Exercise goal: Each of the entries below is to be written out exactly, and the images skipped.
(Beginning of Supplied information)
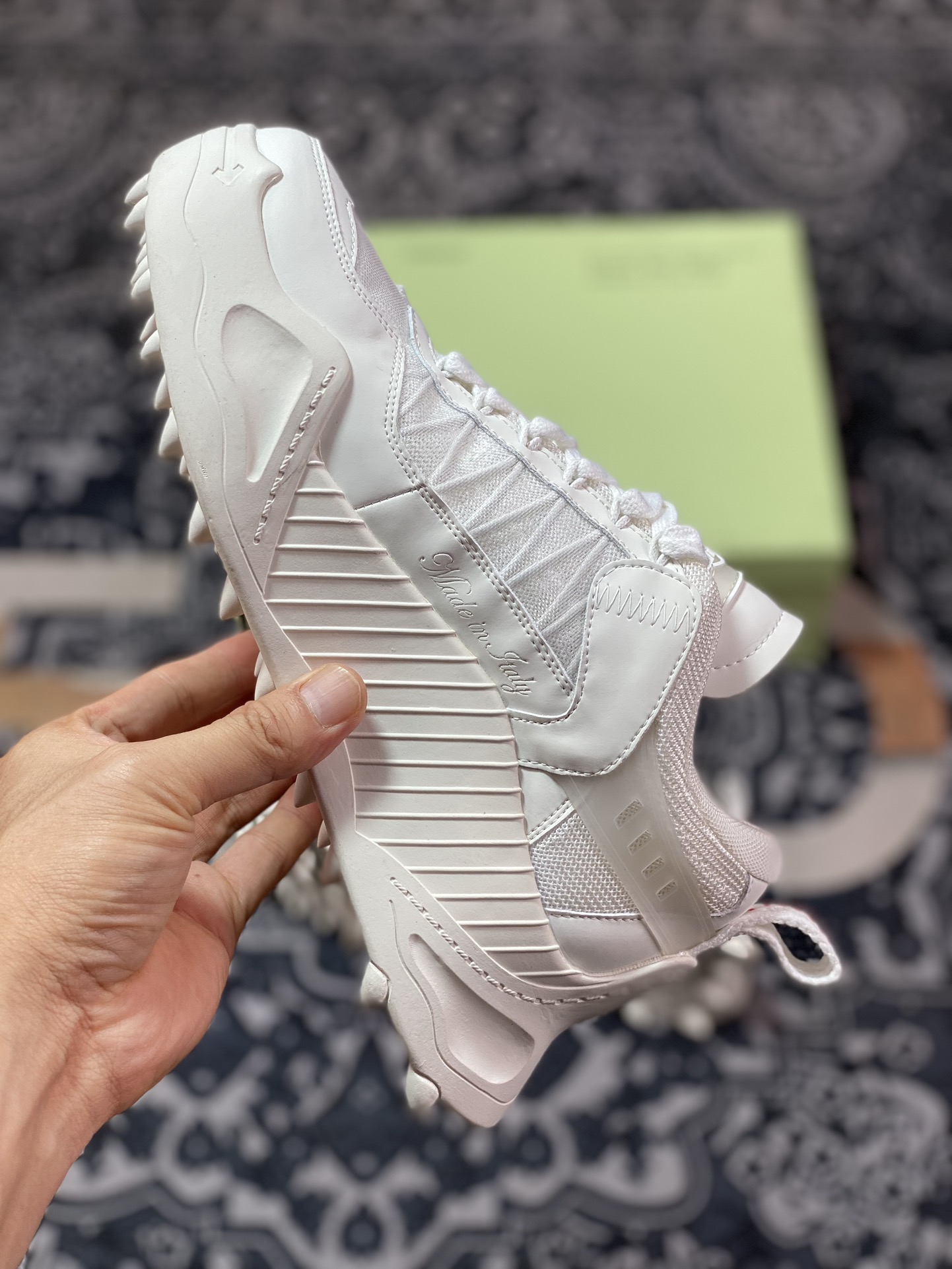 Off-White ODSY-1000 Chunky Arrow Low-top Heightened Sneakers ”All White” OMIA139F21FAB0020101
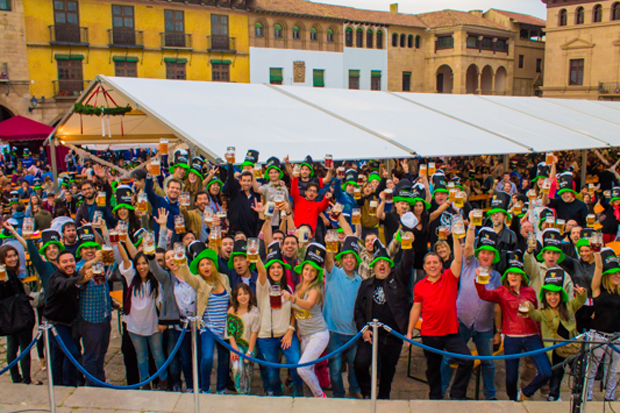 Sis dies de Festa de la Cervesa al Poble Espanyol | cervesa, Poble Espanyol
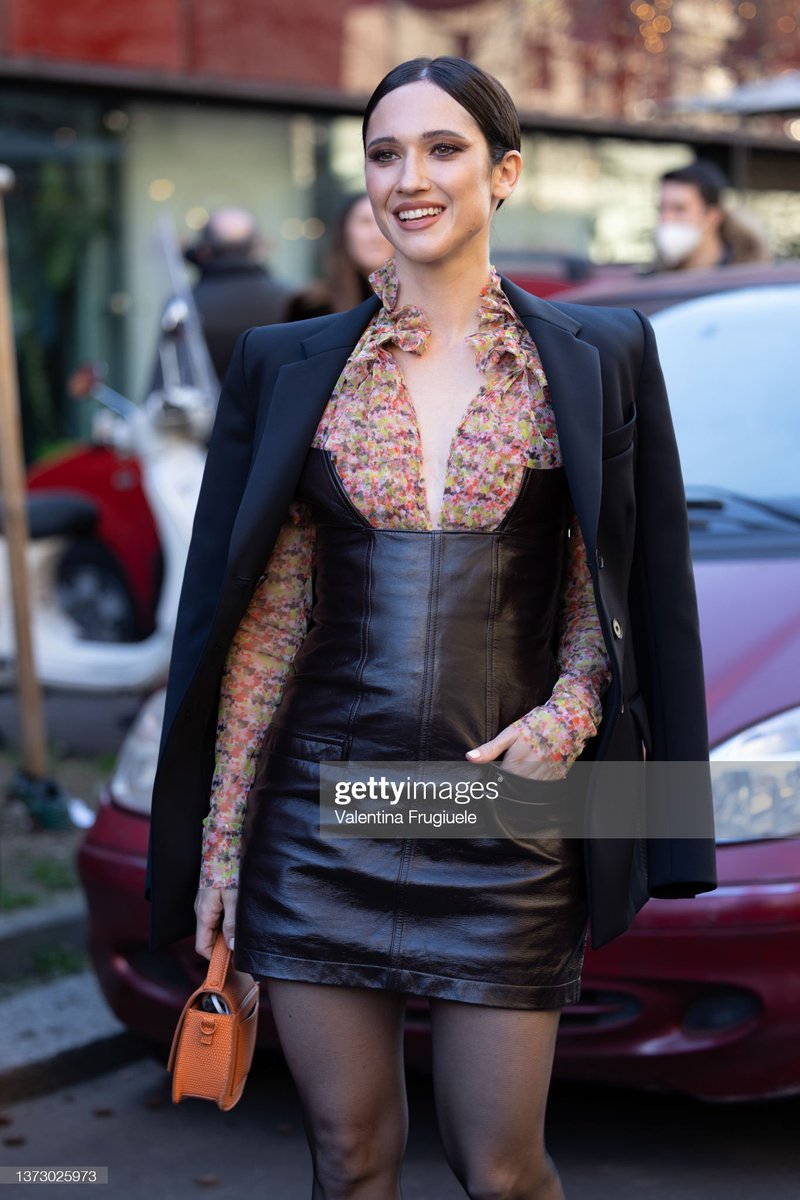 OhComelloBR's tweet photo. 📸 • Lodovica na Milan Fashion Week, acompanhando o desfile da Philosophy #1 https://t.co/jbpAfSt3V0
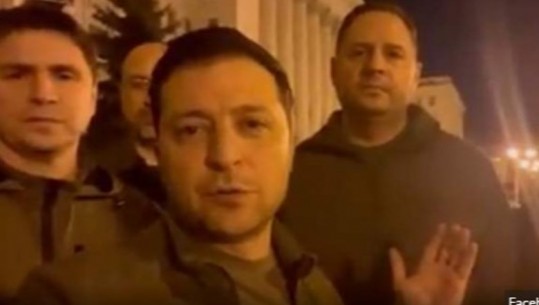 VIDEO/ Presidenti Zelensky dhe ministrat me veshje ushtarake shfaqen në rrugët e Kievit: Të gjithë jemi ende këtu, do mbrojmë vendin tonë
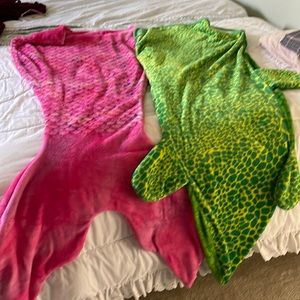 Comfy tails boy and girl .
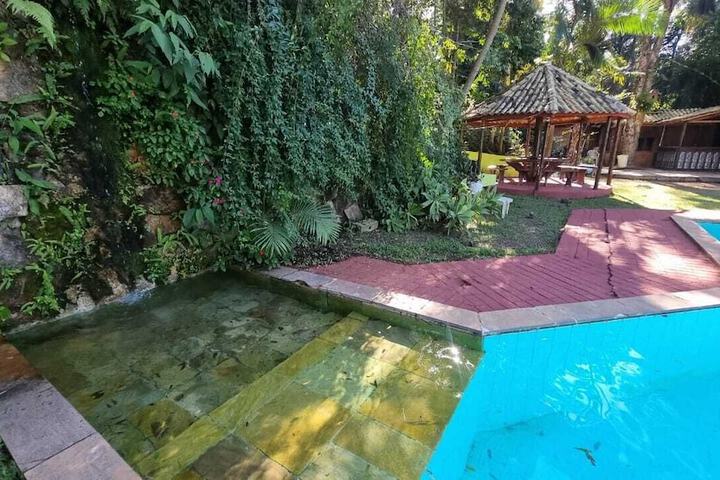 Pool 55 of 83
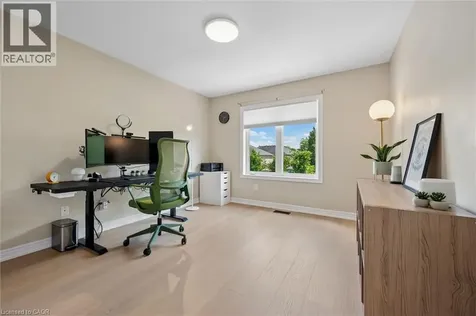 52 Condor Street Kitchener ON N2K 0B2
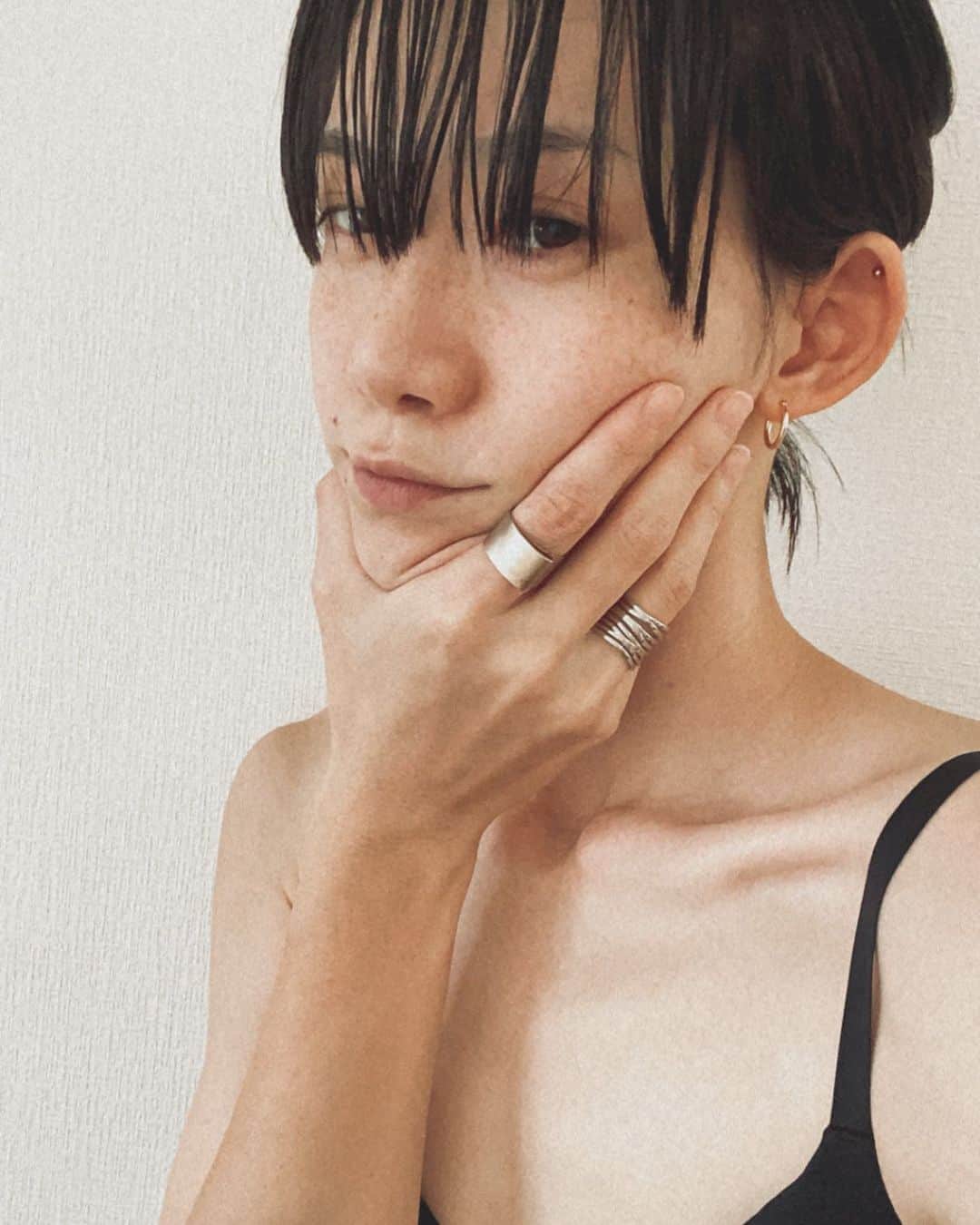 平山奈美のインスタグラム：「セールで安くなってたリングを2点ゲット✌️ナイスコスパ💍 @senseofplace_ur   そして襟足をちょこんと結べるようにまで伸びた👧🏻そろそろ切りたいあぢぃ〜  #アクセサリー #アクセ #リング #センスオブプレイス #コスパ #セール #シルバーアクセサリー #マットゴールド #ショートヘア #ショートヘアアレンジ #ヘアアレンジ #黒髪ショート #ショートアレンジ #夏 #男の子ママ #ママ」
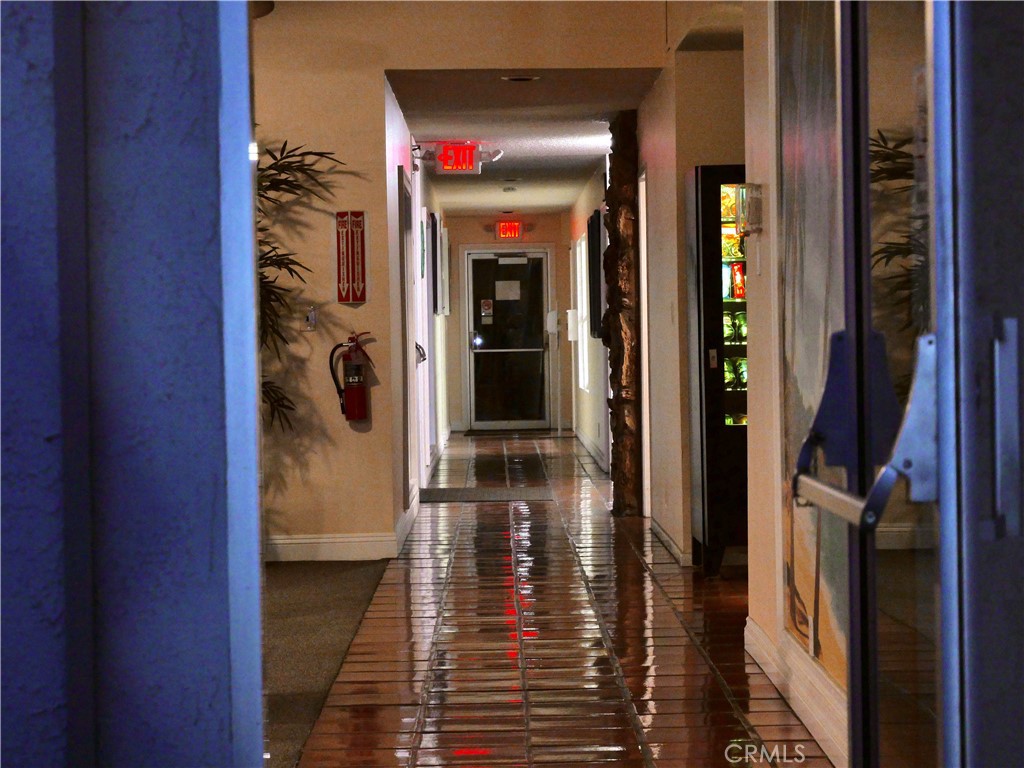 MLS #OC25153382 image #32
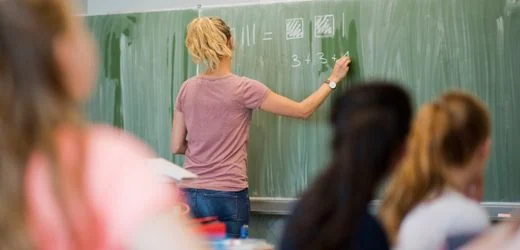 Lehrermangel in Brandenburg: Bildungsminister Gordon Hoffmann kippt Unterrichtsgarantie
(End of Supplied information)
Answer box:
 Off-White ODSY-1000 Chunky Arrow Low-top Heightened Sneakers ”All White” OMIA139F21FAB0020101
 Sis dies de Festa de la Cervesa al Poble Espanyol | cervesa, Poble Espanyol
 OhComelloBR's tweet photo. 📸 • Lodovica na Milan Fashion Week, acompanhando o desfile da Philosophy #1 https://t.co/jbpAfSt3V0
 VIDEO/ Presidenti Zelensky dhe ministrat me veshje ushtarake shfaqen në rrugët e Kievit: Të gjithë jemi ende këtu, do mbrojmë vendin tonë
 Comfy tails boy and girl .
 Pool 55 of 83
 52 Condor Street Kitchener ON N2K 0B2
 平山奈美のインスタグラム：「セールで安くなってたリングを2点ゲット✌️ナイスコスパ💍 @senseofplace_ur   そして襟足をちょこんと結べるようにまで伸びた👧🏻そろそろ切りたいあぢぃ〜  #アクセサリー #アクセ #リング #センスオブプレイス #コスパ #セール #シルバーアクセサリー #マットゴールド #ショートヘア #ショートヘアアレンジ #ヘアアレンジ #黒髪ショート #ショートアレンジ #夏 #男の子ママ #ママ」
 MLS #OC25153382 image #32
 Lehrermangel in Brandenburg: Bildungsminister Gordon Hoffmann kippt Unterrichtsgarantie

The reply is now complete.